A ratio compares how much there is of a specific thing in comparison to another. Ratios are two or more numbers separated with a colon ‘:’ e.g. 3:5:7.

For example, if someone has two red sweets and 4 red sweets, then the ratio of red sweets to blue sweets is 2:4.


If I have a mixture consisting of cement, sand and gravel and it is split as follows: 3 ‘pieces’ of cement, 5 ‘pieces’ of sand and 7 ‘pieces’ of gravel. To put this as a ratio, as it is split across 15 pieces, the ratio is as above 3:5:7.

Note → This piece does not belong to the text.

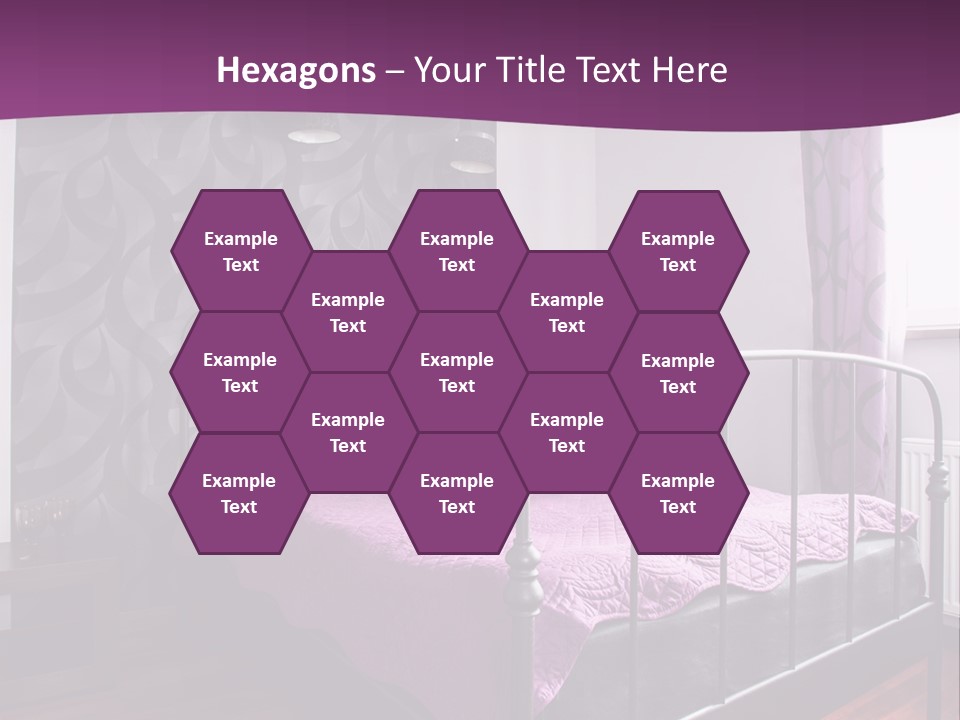 A Bedroom With A Bed And Purple Curtains PowerPoint Template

Ratios can be simplified if tall the numbers included have a common factor i.e. 12:18 is the same as (6\times2):(6\times3), cancelling the 6 on both sides gives 2:3.

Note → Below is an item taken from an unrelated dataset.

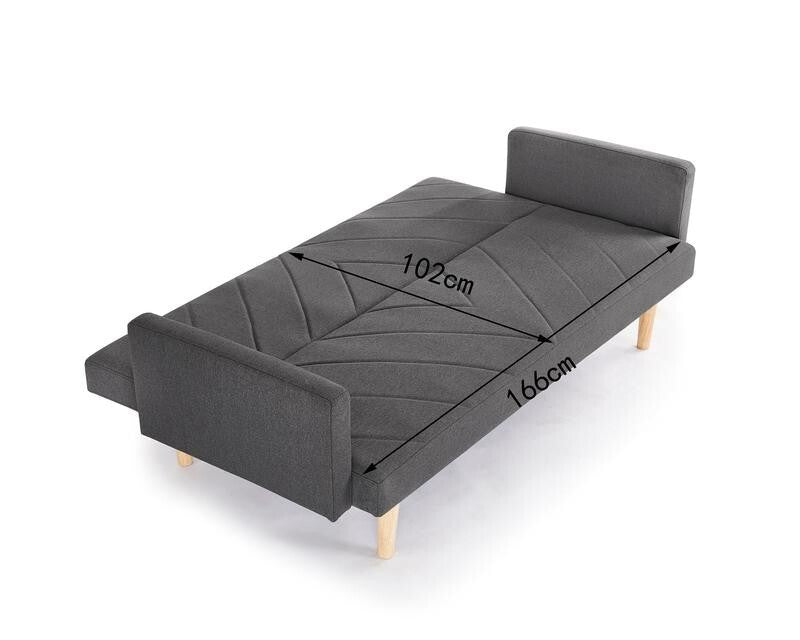 3 Seater Dark Grey Fabric Sofa Bed Chevron Clic Clac w/ Wood Legs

Ratios can be converted into fractions and therefore percentages. To change a ratio into a fraction, we take every number in the ratio and add them together i.e. if the ratio is a:b:c, then we do a+b+c.

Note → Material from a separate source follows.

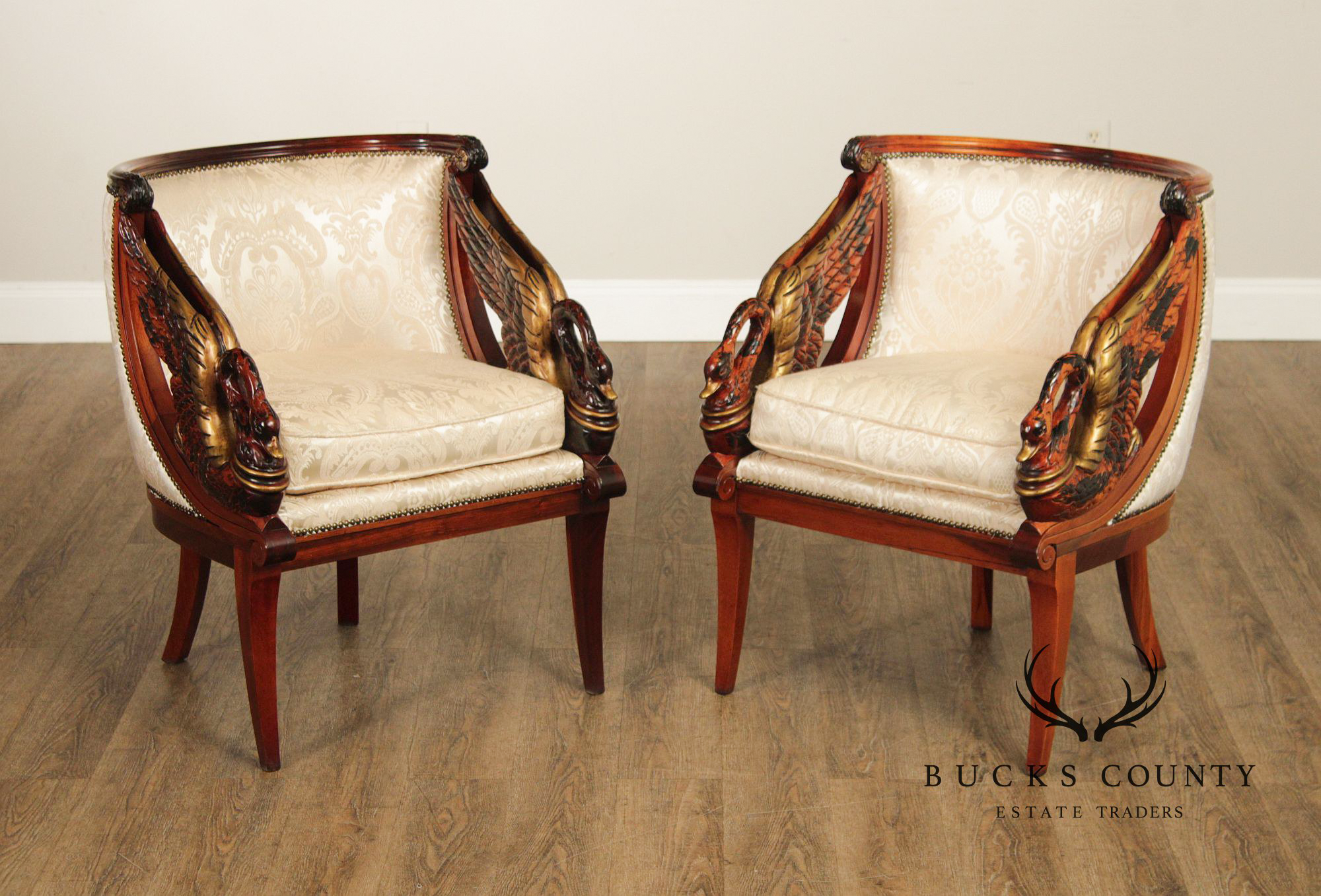 Neoclassical Revival Pair of Swan Carved Barrel Back Armchairs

Then each component as a fraction will be \frac { a }{ a+b+c }, \frac { b }{ a+b+c } and \frac { c }{ a+b+c }.


Taking the ratio from above, 3:5:7, we start by adding these numbers together as follows 3+5+7=15.

We then do each part of the ratio divided by the total: \frac { 3 }{ 15 }, \frac { 5 }{ 15 } and \frac { 7 }{ 15 }, to give the fraction of each segment.


Adam has £50 to share between his three children: Bill, Claire and Diana, in the ratio 4:5:1. How much does each child receive?

Bill =\dfrac{4}{10}\times £50=£20

Claire =\dfrac{5}{10}\times £50=£25

Diana =\dfrac{1}{10}\times £50=£5